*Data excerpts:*
○ ○ ○
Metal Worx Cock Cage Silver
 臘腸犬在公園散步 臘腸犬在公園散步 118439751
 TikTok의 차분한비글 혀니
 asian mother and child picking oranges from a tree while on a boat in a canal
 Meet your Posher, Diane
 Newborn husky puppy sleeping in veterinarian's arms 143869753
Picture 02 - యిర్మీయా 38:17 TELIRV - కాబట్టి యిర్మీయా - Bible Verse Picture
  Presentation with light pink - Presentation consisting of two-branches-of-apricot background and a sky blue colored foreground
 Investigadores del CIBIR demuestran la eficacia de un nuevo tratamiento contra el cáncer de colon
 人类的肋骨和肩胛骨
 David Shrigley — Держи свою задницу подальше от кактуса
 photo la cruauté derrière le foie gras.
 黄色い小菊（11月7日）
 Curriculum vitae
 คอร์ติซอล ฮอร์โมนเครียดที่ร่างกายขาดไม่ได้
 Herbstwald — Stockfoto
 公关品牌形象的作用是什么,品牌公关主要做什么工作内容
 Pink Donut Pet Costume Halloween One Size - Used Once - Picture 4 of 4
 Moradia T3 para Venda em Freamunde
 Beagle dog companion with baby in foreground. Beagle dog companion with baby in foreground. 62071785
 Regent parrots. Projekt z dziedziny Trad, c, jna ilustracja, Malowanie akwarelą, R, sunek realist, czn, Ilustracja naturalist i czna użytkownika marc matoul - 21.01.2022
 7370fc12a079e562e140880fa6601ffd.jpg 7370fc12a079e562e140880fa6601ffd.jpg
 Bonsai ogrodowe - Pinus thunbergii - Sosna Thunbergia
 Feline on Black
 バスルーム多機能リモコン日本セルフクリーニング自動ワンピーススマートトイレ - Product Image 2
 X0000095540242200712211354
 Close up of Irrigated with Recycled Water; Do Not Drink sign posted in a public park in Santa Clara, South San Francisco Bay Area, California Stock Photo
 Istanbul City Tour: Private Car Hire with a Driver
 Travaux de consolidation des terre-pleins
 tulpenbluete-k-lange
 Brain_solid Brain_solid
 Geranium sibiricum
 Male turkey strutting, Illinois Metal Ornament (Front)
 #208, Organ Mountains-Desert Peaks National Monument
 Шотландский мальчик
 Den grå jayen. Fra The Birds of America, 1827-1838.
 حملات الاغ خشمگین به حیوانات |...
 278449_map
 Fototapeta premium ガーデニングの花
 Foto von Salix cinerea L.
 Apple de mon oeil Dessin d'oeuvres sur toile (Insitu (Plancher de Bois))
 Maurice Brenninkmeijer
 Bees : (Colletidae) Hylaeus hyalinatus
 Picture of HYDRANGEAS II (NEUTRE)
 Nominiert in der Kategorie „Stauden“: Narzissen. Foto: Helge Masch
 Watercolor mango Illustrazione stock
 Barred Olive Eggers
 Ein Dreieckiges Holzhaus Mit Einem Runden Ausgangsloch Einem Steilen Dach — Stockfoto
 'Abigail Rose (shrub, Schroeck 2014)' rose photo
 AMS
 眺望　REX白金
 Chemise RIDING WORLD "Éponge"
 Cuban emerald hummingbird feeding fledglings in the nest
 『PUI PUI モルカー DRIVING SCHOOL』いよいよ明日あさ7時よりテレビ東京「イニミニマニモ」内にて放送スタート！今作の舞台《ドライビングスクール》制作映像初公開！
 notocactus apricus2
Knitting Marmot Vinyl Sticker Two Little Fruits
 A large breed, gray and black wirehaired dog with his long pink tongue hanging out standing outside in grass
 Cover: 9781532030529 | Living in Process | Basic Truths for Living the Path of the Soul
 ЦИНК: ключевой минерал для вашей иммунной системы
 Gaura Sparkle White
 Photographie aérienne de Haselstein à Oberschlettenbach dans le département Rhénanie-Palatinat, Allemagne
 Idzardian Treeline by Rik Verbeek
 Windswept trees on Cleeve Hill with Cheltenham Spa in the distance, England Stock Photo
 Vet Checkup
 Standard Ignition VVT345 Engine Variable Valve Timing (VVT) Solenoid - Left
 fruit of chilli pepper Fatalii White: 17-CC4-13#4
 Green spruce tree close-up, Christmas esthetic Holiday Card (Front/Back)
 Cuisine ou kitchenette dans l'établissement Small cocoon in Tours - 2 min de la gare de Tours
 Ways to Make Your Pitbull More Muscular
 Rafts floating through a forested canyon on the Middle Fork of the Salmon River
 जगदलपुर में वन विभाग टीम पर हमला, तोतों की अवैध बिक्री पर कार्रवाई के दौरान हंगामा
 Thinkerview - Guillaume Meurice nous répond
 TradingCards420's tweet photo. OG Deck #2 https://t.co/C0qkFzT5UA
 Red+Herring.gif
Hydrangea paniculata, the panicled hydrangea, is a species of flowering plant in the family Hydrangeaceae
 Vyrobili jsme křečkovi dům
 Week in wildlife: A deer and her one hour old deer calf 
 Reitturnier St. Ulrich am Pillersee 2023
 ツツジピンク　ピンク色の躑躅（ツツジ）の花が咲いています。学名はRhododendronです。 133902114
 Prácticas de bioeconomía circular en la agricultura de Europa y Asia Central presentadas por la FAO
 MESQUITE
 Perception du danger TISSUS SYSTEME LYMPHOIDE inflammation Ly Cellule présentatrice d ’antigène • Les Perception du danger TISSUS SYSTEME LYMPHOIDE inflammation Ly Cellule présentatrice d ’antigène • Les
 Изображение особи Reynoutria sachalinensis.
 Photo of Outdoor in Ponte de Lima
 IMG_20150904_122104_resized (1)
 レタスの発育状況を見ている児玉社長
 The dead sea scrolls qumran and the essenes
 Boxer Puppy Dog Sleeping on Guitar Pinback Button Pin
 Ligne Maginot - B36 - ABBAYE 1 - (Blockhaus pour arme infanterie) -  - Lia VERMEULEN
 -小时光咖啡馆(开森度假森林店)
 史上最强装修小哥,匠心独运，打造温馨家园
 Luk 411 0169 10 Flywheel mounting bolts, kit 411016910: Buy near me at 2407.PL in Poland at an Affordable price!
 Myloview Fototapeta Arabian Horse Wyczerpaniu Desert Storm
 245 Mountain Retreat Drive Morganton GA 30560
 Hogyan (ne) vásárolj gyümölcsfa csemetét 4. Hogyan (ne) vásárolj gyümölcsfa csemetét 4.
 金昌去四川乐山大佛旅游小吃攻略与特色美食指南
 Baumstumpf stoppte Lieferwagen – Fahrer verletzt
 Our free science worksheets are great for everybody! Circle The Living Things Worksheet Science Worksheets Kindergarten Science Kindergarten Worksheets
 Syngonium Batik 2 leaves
○ ○ ○
*What to do:* Go through the records above and copy every line with the word "White".

*Expected answer:*
 Gaura Sparkle White
 fruit of chilli pepper Fatalii White: 17-CC4-13#4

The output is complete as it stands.